» Exercise brief: Below this line is the material. Write out only its lines from the one containing "Kartka ręcznie robiona" through the one containing "Rainbow Heart Keychain", both kept, exactly.

» Supplied data:
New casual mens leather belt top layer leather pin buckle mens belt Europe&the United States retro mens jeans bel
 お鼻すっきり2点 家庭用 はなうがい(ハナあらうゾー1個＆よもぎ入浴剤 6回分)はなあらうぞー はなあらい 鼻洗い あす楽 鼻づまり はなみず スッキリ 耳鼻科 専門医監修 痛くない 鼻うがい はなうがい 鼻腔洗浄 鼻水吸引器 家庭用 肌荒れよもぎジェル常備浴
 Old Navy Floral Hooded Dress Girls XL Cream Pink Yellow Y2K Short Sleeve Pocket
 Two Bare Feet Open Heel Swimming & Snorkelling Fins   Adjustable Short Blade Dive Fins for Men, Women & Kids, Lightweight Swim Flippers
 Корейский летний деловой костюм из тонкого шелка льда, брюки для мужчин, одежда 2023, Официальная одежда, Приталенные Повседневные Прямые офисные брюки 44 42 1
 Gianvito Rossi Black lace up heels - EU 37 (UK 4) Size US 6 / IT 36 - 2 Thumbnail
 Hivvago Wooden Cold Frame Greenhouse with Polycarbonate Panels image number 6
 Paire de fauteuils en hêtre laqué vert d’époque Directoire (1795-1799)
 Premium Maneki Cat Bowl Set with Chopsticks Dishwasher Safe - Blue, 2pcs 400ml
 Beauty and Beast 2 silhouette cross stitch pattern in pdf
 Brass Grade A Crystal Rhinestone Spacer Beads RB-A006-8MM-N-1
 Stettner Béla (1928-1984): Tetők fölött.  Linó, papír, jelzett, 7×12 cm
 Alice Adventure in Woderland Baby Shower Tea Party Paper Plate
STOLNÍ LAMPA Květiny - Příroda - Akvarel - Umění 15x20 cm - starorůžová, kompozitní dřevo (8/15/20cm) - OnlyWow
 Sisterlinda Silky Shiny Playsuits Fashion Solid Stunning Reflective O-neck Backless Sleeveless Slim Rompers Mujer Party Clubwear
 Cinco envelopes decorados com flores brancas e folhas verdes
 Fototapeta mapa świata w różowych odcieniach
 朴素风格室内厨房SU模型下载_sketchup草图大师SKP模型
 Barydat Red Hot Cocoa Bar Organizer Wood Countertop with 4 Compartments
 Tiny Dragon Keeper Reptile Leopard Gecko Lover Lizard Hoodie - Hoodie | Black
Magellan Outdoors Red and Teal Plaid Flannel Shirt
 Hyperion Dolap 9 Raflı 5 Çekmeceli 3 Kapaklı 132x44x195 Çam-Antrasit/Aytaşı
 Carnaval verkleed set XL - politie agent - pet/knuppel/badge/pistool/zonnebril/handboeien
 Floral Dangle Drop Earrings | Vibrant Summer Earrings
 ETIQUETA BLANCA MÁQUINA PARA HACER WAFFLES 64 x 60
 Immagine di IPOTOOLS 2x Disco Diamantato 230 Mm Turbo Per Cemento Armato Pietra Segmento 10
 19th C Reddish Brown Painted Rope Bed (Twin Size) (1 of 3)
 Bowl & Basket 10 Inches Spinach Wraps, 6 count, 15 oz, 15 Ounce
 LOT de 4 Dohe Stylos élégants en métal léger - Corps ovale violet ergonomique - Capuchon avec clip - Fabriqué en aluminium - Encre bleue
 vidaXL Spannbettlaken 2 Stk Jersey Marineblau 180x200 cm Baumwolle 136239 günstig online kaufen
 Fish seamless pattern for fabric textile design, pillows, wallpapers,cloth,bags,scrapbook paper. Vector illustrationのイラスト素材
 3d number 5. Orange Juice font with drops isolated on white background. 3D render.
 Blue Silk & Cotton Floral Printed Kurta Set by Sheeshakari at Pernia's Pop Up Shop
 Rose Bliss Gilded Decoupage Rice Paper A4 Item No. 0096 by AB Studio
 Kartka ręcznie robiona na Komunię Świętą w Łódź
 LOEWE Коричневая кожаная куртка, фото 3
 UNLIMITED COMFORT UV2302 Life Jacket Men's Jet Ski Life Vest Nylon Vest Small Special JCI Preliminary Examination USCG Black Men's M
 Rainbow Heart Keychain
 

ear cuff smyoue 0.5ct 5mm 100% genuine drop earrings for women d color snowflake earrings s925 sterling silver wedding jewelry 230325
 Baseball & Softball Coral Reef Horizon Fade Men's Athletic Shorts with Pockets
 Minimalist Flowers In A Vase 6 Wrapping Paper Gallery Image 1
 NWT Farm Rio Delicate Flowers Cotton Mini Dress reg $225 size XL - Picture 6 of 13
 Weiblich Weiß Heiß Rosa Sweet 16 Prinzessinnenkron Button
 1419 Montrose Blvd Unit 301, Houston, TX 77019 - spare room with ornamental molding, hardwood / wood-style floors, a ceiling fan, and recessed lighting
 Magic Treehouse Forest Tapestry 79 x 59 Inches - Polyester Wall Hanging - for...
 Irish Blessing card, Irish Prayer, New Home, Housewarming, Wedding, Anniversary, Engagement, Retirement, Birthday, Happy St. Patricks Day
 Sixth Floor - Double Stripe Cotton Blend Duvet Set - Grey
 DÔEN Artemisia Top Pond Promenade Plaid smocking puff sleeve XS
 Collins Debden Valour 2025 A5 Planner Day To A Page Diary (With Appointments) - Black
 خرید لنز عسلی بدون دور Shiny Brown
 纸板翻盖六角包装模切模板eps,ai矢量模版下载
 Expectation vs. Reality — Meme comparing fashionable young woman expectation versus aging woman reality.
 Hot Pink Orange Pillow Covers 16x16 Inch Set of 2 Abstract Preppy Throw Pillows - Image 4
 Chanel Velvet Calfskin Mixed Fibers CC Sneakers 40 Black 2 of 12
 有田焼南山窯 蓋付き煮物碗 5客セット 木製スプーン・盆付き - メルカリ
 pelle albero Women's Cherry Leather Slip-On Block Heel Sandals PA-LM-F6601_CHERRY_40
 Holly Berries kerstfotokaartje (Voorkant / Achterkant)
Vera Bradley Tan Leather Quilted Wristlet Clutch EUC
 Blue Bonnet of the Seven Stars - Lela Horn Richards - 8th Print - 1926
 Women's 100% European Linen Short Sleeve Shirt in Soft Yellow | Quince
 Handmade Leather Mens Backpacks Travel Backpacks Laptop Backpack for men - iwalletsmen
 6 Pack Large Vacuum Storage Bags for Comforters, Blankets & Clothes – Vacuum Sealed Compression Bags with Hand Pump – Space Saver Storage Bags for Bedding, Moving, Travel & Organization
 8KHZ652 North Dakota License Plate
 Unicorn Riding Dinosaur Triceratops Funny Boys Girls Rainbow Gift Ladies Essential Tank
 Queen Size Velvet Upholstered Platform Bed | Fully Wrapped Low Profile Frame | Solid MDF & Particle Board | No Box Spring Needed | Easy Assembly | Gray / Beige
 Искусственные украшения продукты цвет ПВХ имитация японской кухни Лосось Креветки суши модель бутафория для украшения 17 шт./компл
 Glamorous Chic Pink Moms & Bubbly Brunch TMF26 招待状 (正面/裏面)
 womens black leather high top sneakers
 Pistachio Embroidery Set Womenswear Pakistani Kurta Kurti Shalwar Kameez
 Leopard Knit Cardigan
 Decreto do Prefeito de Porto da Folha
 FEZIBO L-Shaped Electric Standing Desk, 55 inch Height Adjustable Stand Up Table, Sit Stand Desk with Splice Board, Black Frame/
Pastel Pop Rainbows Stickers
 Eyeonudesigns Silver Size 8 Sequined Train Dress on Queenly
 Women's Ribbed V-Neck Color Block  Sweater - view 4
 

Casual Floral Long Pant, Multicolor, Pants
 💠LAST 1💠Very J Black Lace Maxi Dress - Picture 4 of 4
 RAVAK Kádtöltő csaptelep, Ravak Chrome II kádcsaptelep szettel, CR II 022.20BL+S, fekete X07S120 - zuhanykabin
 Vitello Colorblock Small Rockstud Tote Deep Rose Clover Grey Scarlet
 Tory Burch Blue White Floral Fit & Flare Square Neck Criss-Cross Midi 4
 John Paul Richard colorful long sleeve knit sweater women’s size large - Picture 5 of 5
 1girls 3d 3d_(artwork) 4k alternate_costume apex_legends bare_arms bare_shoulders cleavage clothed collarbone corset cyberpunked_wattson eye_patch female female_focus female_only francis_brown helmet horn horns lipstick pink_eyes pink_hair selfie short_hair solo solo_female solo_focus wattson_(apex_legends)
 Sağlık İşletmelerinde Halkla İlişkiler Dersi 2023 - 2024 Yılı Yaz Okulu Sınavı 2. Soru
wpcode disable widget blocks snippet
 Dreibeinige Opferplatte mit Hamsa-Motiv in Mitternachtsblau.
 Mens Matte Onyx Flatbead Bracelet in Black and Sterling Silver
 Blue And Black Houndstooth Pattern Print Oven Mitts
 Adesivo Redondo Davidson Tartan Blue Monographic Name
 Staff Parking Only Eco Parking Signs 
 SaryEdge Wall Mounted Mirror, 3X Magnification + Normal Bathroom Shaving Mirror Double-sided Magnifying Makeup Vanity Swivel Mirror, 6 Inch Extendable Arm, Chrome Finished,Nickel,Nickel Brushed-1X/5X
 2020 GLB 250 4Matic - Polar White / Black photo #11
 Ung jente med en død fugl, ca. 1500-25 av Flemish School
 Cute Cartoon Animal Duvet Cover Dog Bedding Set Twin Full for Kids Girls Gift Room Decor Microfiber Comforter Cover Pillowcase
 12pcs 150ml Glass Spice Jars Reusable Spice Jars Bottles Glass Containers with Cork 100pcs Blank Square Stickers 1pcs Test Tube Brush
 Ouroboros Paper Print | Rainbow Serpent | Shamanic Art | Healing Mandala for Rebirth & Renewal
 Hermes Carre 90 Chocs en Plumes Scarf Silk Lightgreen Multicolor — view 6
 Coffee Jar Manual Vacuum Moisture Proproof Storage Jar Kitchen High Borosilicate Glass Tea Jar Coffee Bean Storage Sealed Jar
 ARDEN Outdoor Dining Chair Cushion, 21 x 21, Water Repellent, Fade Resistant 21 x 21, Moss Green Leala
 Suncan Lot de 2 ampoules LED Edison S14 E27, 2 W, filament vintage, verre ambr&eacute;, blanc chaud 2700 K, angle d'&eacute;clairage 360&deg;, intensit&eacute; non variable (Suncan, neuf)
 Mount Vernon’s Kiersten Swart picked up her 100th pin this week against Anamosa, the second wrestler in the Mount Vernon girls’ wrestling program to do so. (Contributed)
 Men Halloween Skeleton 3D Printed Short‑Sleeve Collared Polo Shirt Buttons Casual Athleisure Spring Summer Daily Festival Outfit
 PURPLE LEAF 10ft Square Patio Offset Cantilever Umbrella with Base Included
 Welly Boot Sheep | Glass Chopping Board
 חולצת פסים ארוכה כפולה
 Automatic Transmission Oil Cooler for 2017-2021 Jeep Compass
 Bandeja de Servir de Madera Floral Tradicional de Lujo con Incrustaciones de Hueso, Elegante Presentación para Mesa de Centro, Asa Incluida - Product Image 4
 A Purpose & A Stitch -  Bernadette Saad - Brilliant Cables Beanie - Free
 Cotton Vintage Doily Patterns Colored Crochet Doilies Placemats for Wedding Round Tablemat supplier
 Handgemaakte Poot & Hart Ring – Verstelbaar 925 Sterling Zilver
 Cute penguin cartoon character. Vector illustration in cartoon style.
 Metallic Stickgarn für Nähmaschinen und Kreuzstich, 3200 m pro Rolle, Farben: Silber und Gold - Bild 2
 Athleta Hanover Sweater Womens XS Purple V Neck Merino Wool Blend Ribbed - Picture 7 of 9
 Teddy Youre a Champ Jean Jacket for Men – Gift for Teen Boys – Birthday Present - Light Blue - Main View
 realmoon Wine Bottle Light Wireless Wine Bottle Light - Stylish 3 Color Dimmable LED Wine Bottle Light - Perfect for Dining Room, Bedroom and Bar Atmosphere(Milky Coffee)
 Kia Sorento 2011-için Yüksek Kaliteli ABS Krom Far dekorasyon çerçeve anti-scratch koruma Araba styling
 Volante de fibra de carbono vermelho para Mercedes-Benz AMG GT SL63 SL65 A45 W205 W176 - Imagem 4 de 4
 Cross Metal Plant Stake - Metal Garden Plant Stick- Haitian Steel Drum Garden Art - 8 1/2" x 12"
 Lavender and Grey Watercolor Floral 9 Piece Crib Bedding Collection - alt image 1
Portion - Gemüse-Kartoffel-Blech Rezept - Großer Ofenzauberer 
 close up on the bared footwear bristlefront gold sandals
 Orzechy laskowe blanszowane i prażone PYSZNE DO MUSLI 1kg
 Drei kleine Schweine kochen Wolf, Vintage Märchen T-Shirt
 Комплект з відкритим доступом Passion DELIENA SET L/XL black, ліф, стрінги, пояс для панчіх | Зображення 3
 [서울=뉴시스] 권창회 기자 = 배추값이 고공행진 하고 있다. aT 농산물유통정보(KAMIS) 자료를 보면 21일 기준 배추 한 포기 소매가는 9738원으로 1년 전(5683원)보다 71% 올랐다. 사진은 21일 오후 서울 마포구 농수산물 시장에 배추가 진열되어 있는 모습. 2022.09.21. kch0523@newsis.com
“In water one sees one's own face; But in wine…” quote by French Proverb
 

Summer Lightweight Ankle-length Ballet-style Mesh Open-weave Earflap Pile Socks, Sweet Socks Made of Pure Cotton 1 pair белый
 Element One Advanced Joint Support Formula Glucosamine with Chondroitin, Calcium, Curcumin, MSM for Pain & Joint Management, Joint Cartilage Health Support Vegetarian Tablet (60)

» Written response:
 Kartka ręcznie robiona na Komunię Świętą w Łódź
 LOEWE Коричневая кожаная куртка, фото 3
 UNLIMITED COMFORT UV2302 Life Jacket Men's Jet Ski Life Vest Nylon Vest Small Special JCI Preliminary Examination USCG Black Men's M
 Rainbow Heart Keychain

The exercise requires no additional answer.